To explore the role of miR-130a on myocardial IRI, we tested the miR-130a-3p expression in the peripheral blood of AMI patients treated with reperfusion. Characteristics of patients were shown in Fig. 1A. The level of miR-130a significantly increased in the AMI patients compared with the healthy person, as indicated in Fig. 1B. Next, the models of myocardial I/R rats were constructed, and Standard II lead electrocardiogram was observed during the experiment. As shown in Fig. 1C, the ST segment was elevated after myocardial ischemia and recovered after reperfusion. To investigate whether did cardiac function change in the I/R rats, cardiac parameters were measured by small animal ultrasound machines (FUJIFILM, Bothell, WA). Compared with the Sham group, HR, LVEF, FS, and LVPW; s significantly decreased in the I/R group (Fig. 1D-F). In addition, the heart histology and morphology were observed with HE staining. As shown in Fig. 1G, myocardial fibers were broken, and cardiomyocytes revealed slighter degeneration and necrosis in the I/R group. To further confirm the result that miR-130a increased in myocardial IRI, we performed an RT-qPCR test in the myocardial tissue of I/R rats and found the miR-130a expression in the I/R group was higher than that in the sham group (Fig. 1H). The above data indicated that miR-130a increased in myocardial IRI, and might play a vital role.

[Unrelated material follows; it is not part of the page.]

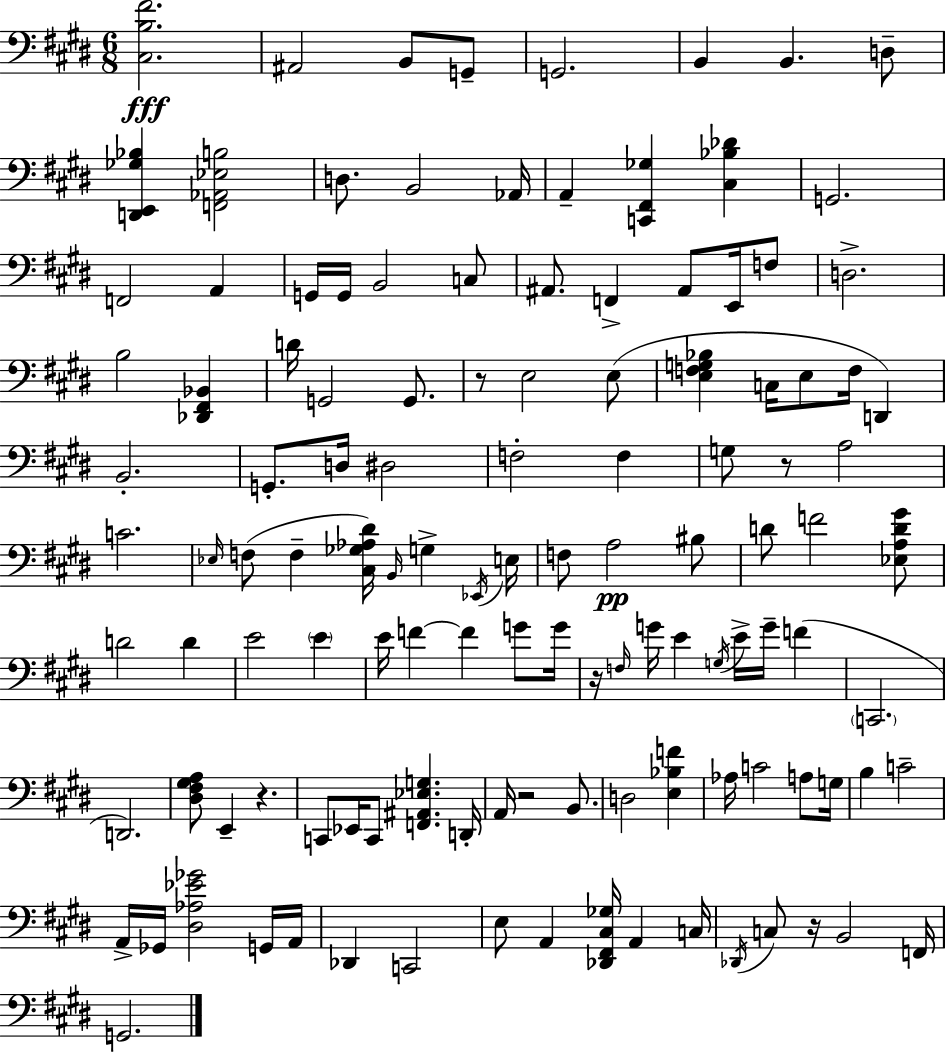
[C#3,B3,F#4]/h. A#2/h B2/e G2/e G2/h. B2/q B2/q. D3/e [D2,E2,Gb3,Bb3]/q [F2,Ab2,Eb3,B3]/h D3/e. B2/h Ab2/s A2/q [C2,F#2,Gb3]/q [C#3,Bb3,Db4]/q G2/h. F2/h A2/q G2/s G2/s B2/h C3/e A#2/e. F2/q A#2/e E2/s F3/e D3/h. B3/h [Db2,F#2,Bb2]/q D4/s G2/h G2/e. R/e E3/h E3/e [E3,F3,G3,Bb3]/q C3/s E3/e F3/s D2/q B2/h. G2/e. D3/s D#3/h F3/h F3/q G3/e R/e A3/h C4/h. Eb3/s F3/e F3/q [C#3,Gb3,Ab3,D#4]/s B2/s G3/q Eb2/s E3/s F3/e A3/h BIS3/e D4/e F4/h [Eb3,A3,D4,G#4]/e D4/h D4/q E4/h E4/q E4/s F4/q F4/q G4/e G4/s R/s F3/s G4/s E4/q G3/s E4/s G4/s F4/q C2/h. D2/h. [D#3,F#3,G#3,A3]/e E2/q R/q. C2/e Eb2/s C2/e [F2,A#2,Eb3,G3]/q. D2/s A2/s R/h B2/e. D3/h [E3,Bb3,F4]/q Ab3/s C4/h A3/e G3/s B3/q C4/h A2/s Gb2/s [D#3,Ab3,Eb4,Gb4]/h G2/s A2/s Db2/q C2/h E3/e A2/q [Db2,F#2,C#3,Gb3]/s A2/q C3/s Db2/s C3/e R/s B2/h F2/s G2/h.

Fig. 1: MiR-130a was increased in the blood of AMI patients and myocardial tissue of I/R rats.
figure 1

A Characteristics of the AMI patients and healthy people in our study. B The miR-130a-3p expression level of the AMI patients was assessed by qRT-PCR. n = 4 in the Ctrl group, n = 4 in the AMI group. C The continuously monitored electrocardiogram of I/R rats by electrocardiogram monitor during the period of pre-operation, ischemia, and reperfusion. D Cardiac ultrasonic images of the sham group. E Cardiac ultrasonic images of the I/R group. F Cardiac parameters of rats in the sham and I/R groups including HR, LVEF, FS, and LVPW; s. n = 6 in each group. G HE staining of rat myocardium in sham and I/R groups. n = 6 in each group. Bar = 20 μm. H The levels of miR-130a expression in the sham and I/R groups were assessed by qRT-PCR. U6 was used as a reference gene. n = 6 in each group. Data were expressed as mean ± SD; *P < 0.05, **P < 0.01 by two-tailed Student’s t-test. AMI acute myocardial infarction, HR hypoxia-reoxygenation, LVEF left ventricular ejection fraction, FS fractional shortening, LVPW, s left ventricular posterior wall; systolic.

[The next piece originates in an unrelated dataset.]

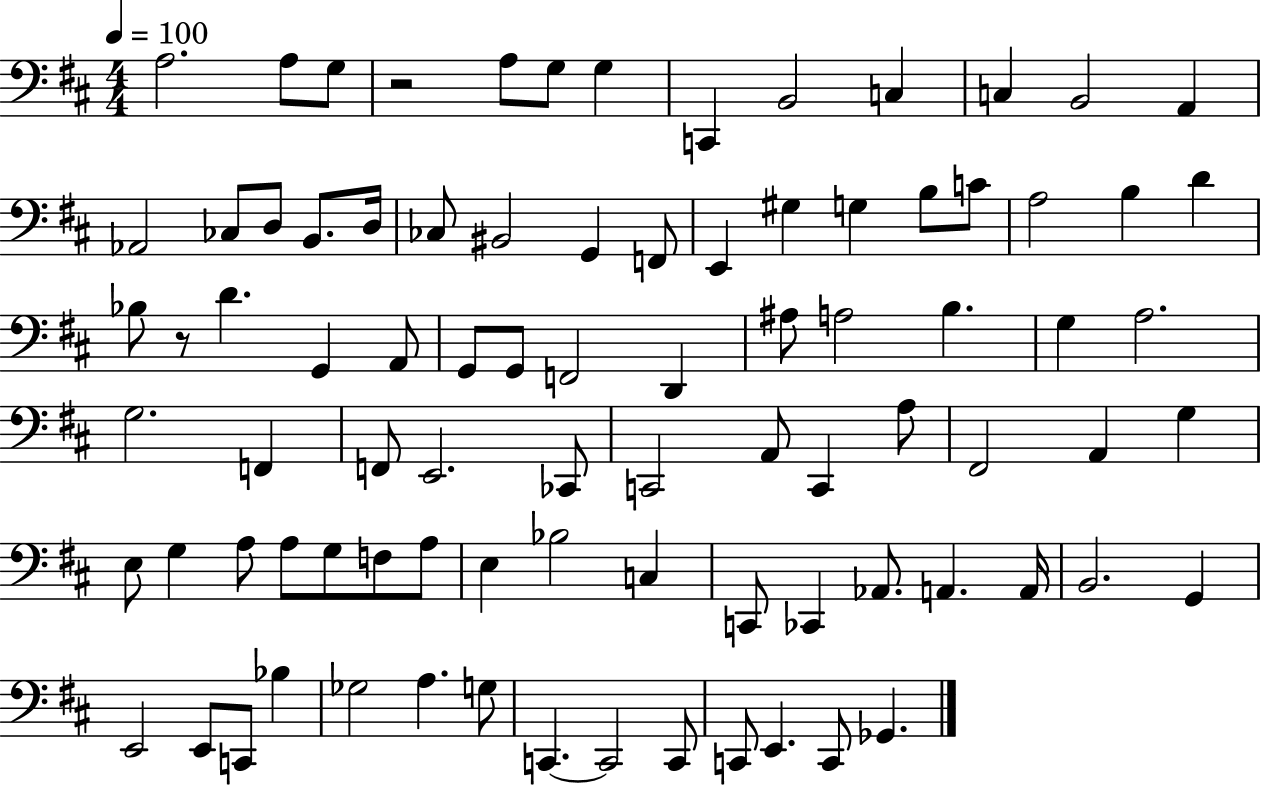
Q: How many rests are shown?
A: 2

MiR-130a affected the viability of HR Cardiomyocytes

In the following, to explore the role of miR-130a on the viability of cardiomyocytes, we tested the activity and apoptosis of H9c2 cells under normoxia or HR conditions. As shown in Fig. 2, the over-expression of miR-130a could decrease the relative cell activity (Fig. 2D) and increase the apoptosis of H9c2 cells (Fig. 2B, C) under normoxia and HR conditions. Besides, suppression of miR-130a could increase the relative cell activity (Fig. 2D) and decrease the apoptosis of H9c2 cells (Fig. 2B, C) under normoxia and HR conditions. These results indicated that miR-130a could downregulate the viability of cardiomyocytes and the knockdown of miR-130a could protect the viability of cardiomyocytes.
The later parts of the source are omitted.